22. The heroes have to get together and act silly.
This is another “cleanse the palette” rule. All work and no play make Jack a dull boy — if all you see these guys doing is working, even toward different goals, you don’t care about what happens to them that much.
23. The sidekick cannot be annoying.
This is non-negotiable. An annoying sidekick can’t be watched for ten minutes, let alone three hours.
24. The photography and visual effects have to be freakin’ amazing, and so does the music.
Movies you can watch for 180 minutes without being bored, have to be made up of pictures you can watch for five minutes without being bored.
And that means if characters are interacting in an interior, without windows, so that they can’t tell what time of day it is — there should be an excellent explanation as to why. The subject of the frame should not be dead-center (unless it’s a close-up shot of someone’s face while they’re speaking, and sometimes not even then.) An afternoon shot should never be used, if a sunset/twilight shot will do just as well.
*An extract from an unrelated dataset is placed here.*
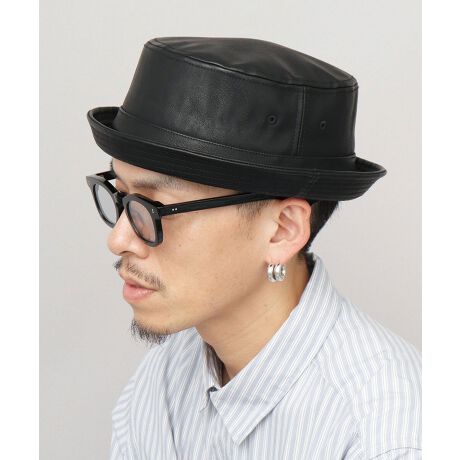 [^:RBN-078]VbNȑloIU[|[NpCnbgCMX̗u|[NpCvɌڂĂ邱ƂꂽÕ|[NpCnbgB~`ŃgbvȃNEɁAM̌̂悤ɏɂȂu킹VGbgB悢̃U[fނgpĂ̂ŁAVbNȑl͋̕CoĂ܂B܂nbgɔ׃JWAɍ킹₷̂ŁANVJȃLC߃X^CAJWASʂ܂ŁALX^CɃ}b`Ă܂BVvȃX^COɂATbƔ邾ŁAlȂȂꊴoĂ֗ACeBPoint 01~`ŃgbvȃNEɁAM̌̂悤ɏƂȂu킹VGbg̃|[NpCnbgBPoint 02\nɂ́A悢V{Ɖ̃U[fނgpB݂ȂA_炩ASn̗ǂ́BPoint 03nɂ́AbVngpBʋCコAXq̔M܂BPoint 04̃Xx̖ʃt@Xi[tAWX^[ŁAtBbg̒߂\BPoint 05NE͒ǂ[߂ŁAŜSnBpԃACeł|[NpCnbǵAl̃JWAX^CƂQłBNE̐cnďȂĂ̂ŁA_炩ASn悢tBbgBvgpĂ̂ŁA{vقǋCAtāEH~킸I[V[Y܂BBe[WCNȍv̓Ch߂AVcWPbgȂǁALC߂ȃX^COɂATVcȂǃtȃX^COɂL킹₷łBnbgłȂA܂nbgC킸₷̂|CgBbɂȂĂA̓̃v[gMtgɂ߂łBTCYt[TCYiTCY߃AWX^[tj/@F58.5 cm/΁iOjF2.0cm/΁iEjF3.0cm/F9.0cm/fށ{́Fv/nF|GXe100%/Y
There should be mist. Rainbows. Rain. Foliage. Icebergs. If it has to take place out in the desert, there should be light and shadow, with the sun barely peeking past things. And not just cacti and cow skulls, either. Interesting things. Like pyramids.
Update 5/26/08: (Inspired after suffering my nominal disappointment with Indiana Jones and the Kingdom of the Crystal Skull)
25. Split Up.
Rule 3 is about separating threads of the story in serial. Up to X many minutes, we’re looking for a doohickey; at that point we find the doohickey, and only then do we realize it is useless without the whatchamacallit. Maybe that’s another object. Maybe it’s a person. Maybe it’s the ability to translate some scribblings on the doohickey. Now we embark on a new quest for the whachamacallit. We are not pursuing any storylines, at all, that have to do with finding the doohickey.
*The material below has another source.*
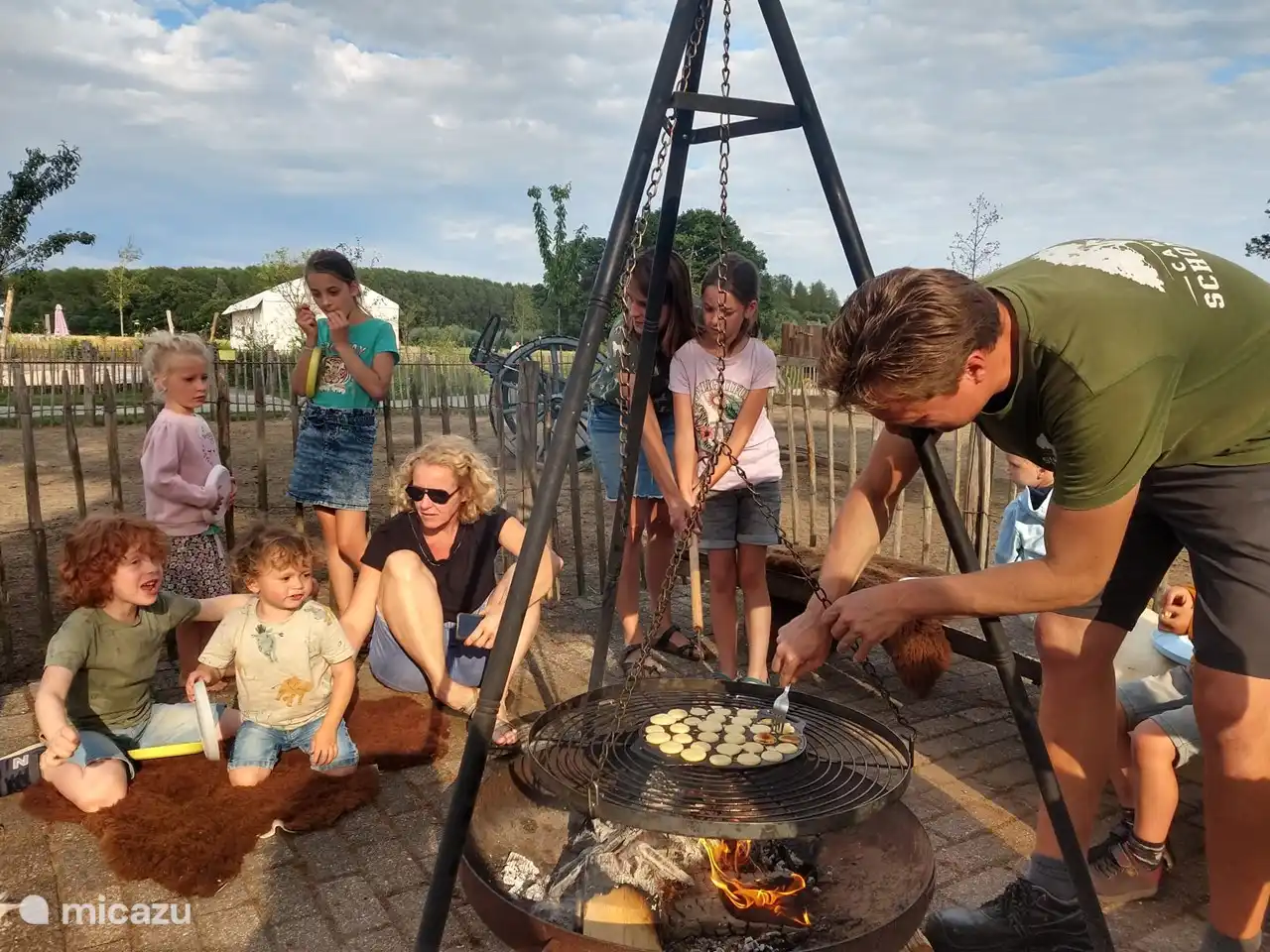 Soirée feu de camp sur place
In addition to separating threads of of the story in serial, over the three hours there has to be some effort to separate them in parallel. Luke is tasked to complete his training with Yoda on Dagobah. Han and Leia finally escape the Imperial fleet, and find refuge with Lando on Cloud City. This is very important because if it’s done right, by the time we’ve spent ten minutes or so catching up on Luke’s experiences with this weird green creature on Dagobah, we’re already wondering how things are going with Han and Leia before the script takes us there…and, when we watch them for awhile, we already are curious about Luke’s progress before the script takes us back.
Phantom Menace did this more artfully than most, but it was the most monotonous and unintentionally-comical movie because they waited until the very end. It’s remembered today mostly as a big old bucket of waste, and that’s unfair because what it really is is a tragedy of wasted talent.
Magnolia stands as a good example of how to do this — it’s a three-hour movie and yes, if I had it, it would probably gather dust because I have little desire to see it ever again. But the point of Magnolia was to make a movie relying on this technique and on nothing else…and for that purpose, it worked. The audience, to some extent, is intrigued by all these different stories and wants to learn something about each one. It remains plodding and boring, but that’s the technique involved in the storytelling.
To put it more readably, Magnolia bores you somewhat, but no more than an ordinary two-hour movie would’ve. The time warp worked. It was facilitated by this game of “Who’s Got The Token?” that is an important ingredient to all longer-than-normal movies, to keep them fresh and entertaining.